Phase 2: Submission phase

  1. The coordinator collects voting information from the various participants. If all participants agree that the transaction can be committed, then the coordinator determines the final commit of the transaction, in which case the coordinator sends a GLOBAL_COMMIT message to all participants informing them to commit locally. If any of the participants returns a VOTE_ABORT message, the coordinator cancells the transaction, broadcasting a GLOBAL_ABORT message to all participants to tell them to cancel the transaction.

  2. Each participant that commits voting information waits for the coordinator to return a message. If the participant receives a GLOBAL_COMMIT message, the participant commits the local transaction; otherwise, if the GLOBAL_ABORT message is received, the participant cancels the local transaction.

Application of two-phase commit protocol in Flink

Flink’s two-stage submission idea:

We analyze Flink’s precise one-time processing from the start of the Flink program to the consumption of Kafka data, and finally to the time when Flink sinks data into Kafka.

  1. When Checkpoint is started, JobManager injects Checkpoint battier into the data stream, and Checkpoint barrier is passed between operators, as shown below:

  1. The Source end: Flink Kafka Source is responsible for saving Kafka consumption offsets. If Chckpoint succeeds, Flink is responsible for committing these writes. If Chckpoint succeeds, Flink is responsible for canceling them. It passes checkpoint barriers to the next Operator, and each Operator makes a snapshot of the current status and saves it to the State Backend.

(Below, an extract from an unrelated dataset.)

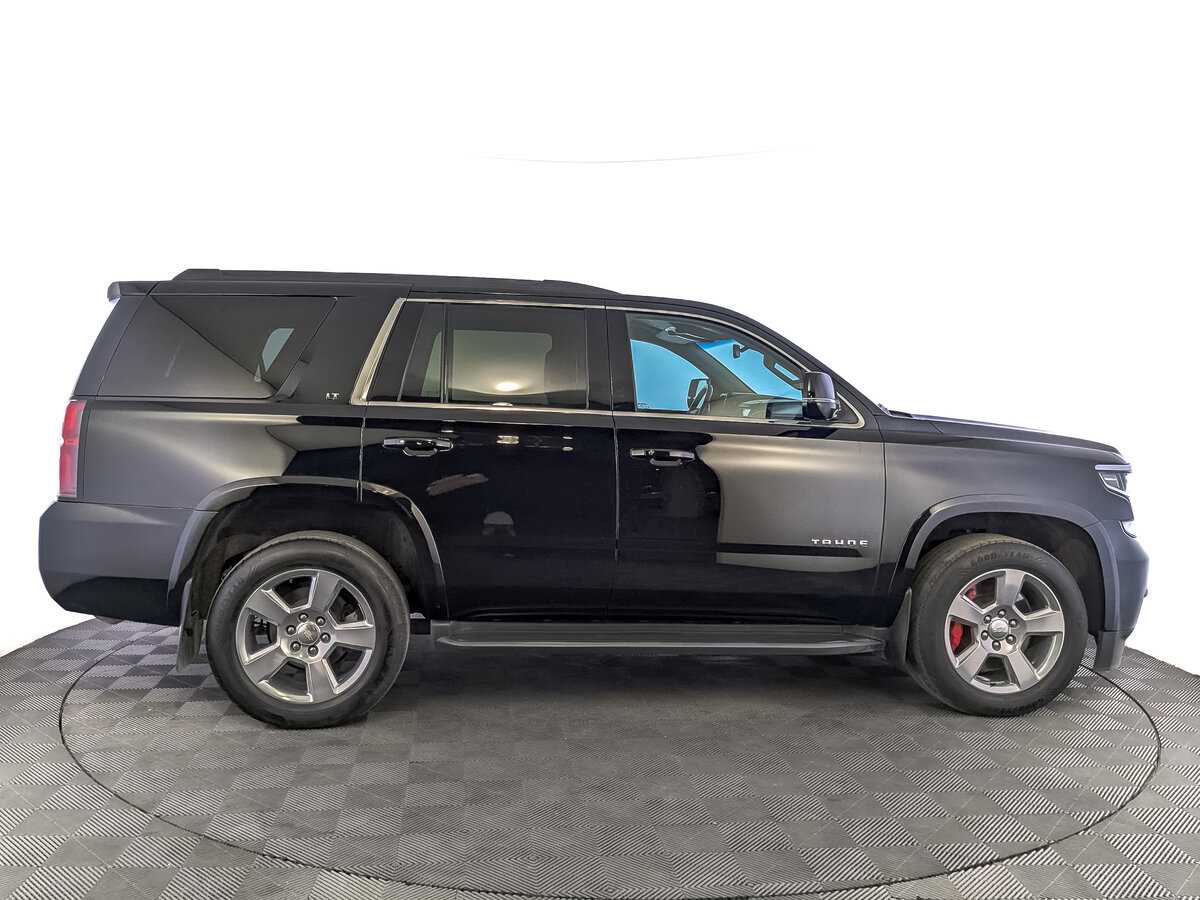 Купить Chevrolet Tahoe с пробегом. Фото: #3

    For the Source task, the current offset is saved as the state. The next time the Source task recovers from Checkpoint, it can resubmit the offset and re-consume the data from where it was saved last time, as shown in the following figure:

  1. Slink side: Starting from the Source side, each internal transform task encounters a checkpoint barrier and stores the status to its checkpoint. When the Data is processed to the Sink end, the Sink task will first write the Data into the external Kafka, and these Data belong to the pre-committed transaction (which cannot be consumed yet). In the pre-commit stage at this time, Data Sink must pre-commit its external transaction while saving the state to the state backend. As shown below:

  1. When the snapshots of all operator tasks are completed (all snapshots are considered as part of a Checkpoint), JobManager sends a notification to all tasks confirming that the Checkpoint is completed. At this point, the pre-commit phase is complete. The second phase of the two-phase commit protocol is the COMMIT phase. In this phase, JobManager initiates the Checkpoint completed callback logic for each Operator in the application.

    In this example, the Data Source and window operations have no external state, so at this stage, these two Opeartors do not need to execute any logic, but the Data Sink has an external state. At this point, we must submit the external transaction. When the Sink task receives the confirmation notice, it will formally submit the previous transaction. Unconfirmed data in Kafka is changed to “confirmed” and the data can actually be consumed, as shown below:

Note: JobManager coordinates each TaskManager to Checkpoint storage. Checkpoint storage is stored in StateBackend. By default, StateBackend is memory level. You can also change to file-level persistence.

Finally, a graph summarizes Flink’s EOS:

This diagram is recommended to save, summary comprehensive and concise, never lose the interviewer!